▸ **PROVIDED DATA**
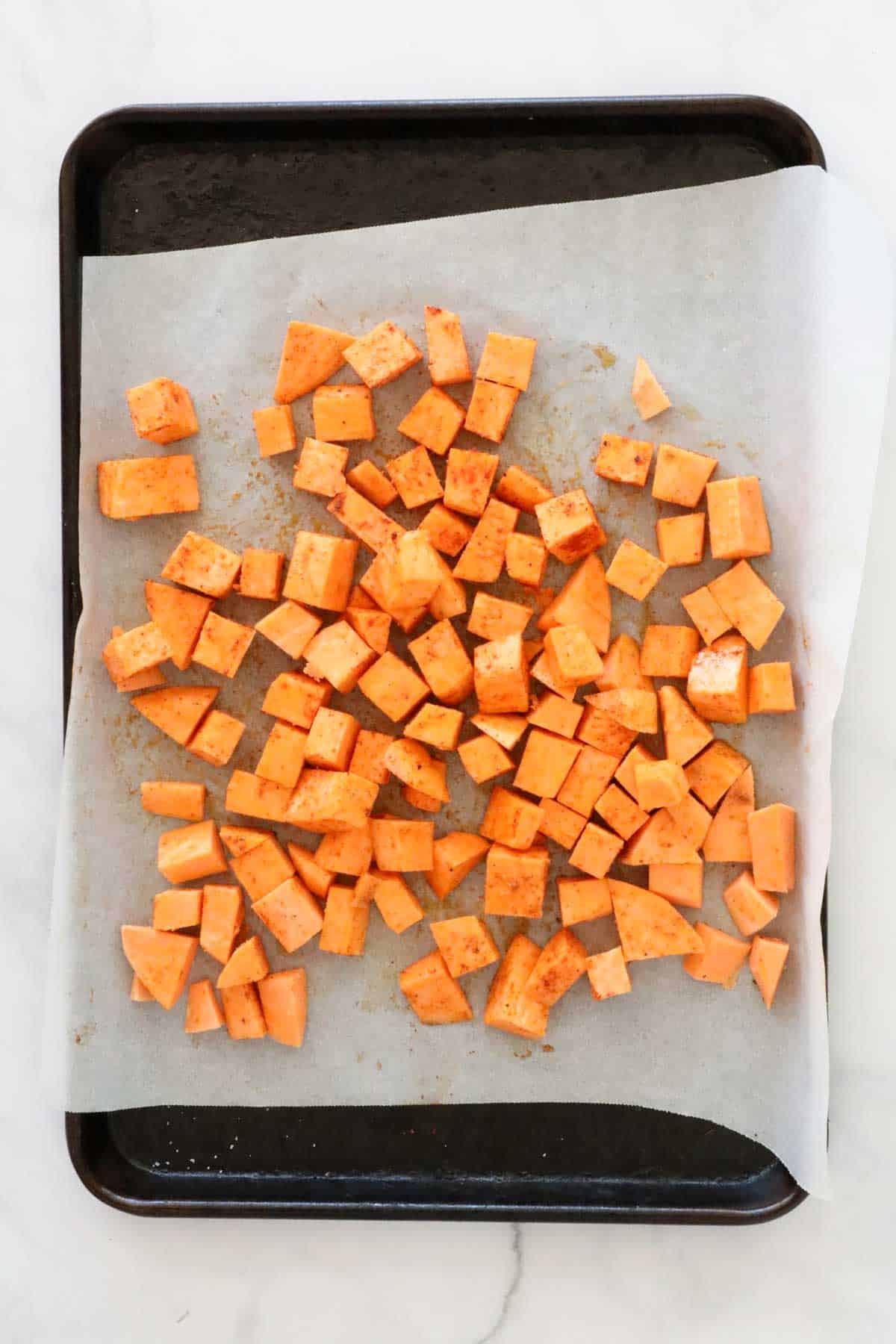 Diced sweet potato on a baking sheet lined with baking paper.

==

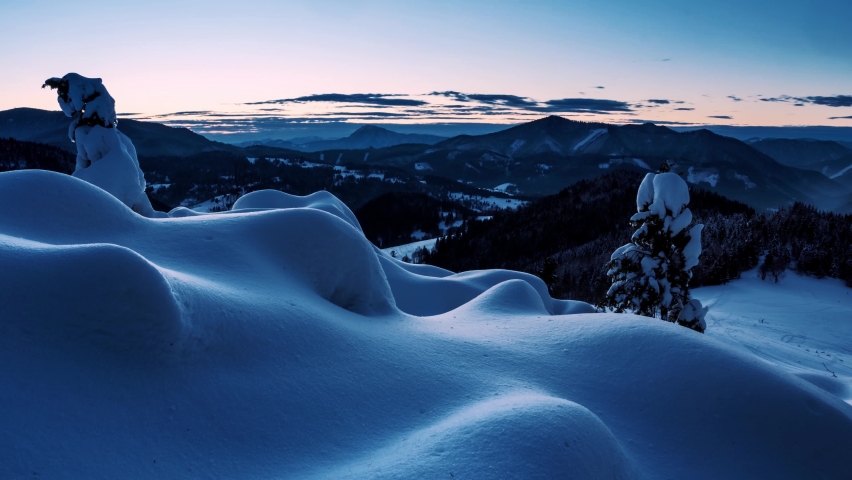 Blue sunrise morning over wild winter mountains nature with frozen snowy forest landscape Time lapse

* * *

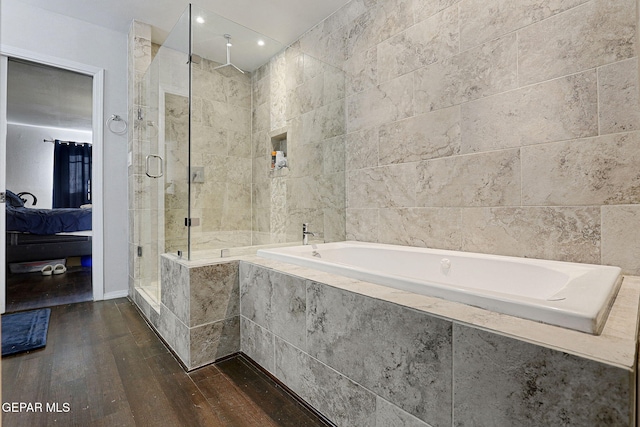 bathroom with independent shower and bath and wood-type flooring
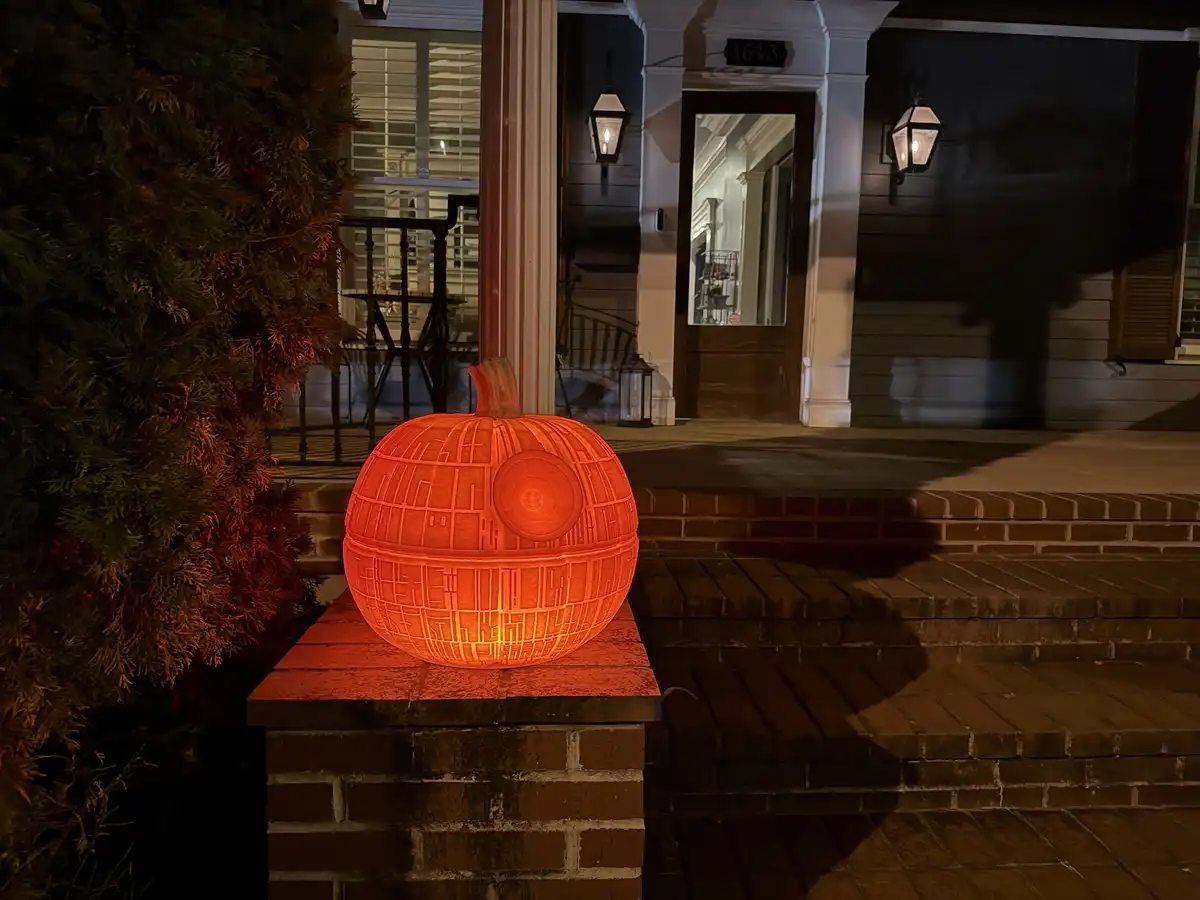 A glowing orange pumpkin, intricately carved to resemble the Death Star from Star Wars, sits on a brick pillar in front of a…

▸ **TASK OBJECTIVE**
Those lines of the records above that run from the one containing "bathroom with independent" through the one containing "A glowing orange" should be returned exactly, with no pictures among them.

▸ **RESPONSE TO THIS EXERCISE**
 bathroom with independent shower and bath and wood-type flooring
 A glowing orange pumpkin, intricately carved to resemble the Death Star from Star Wars, sits on a brick pillar in front of a…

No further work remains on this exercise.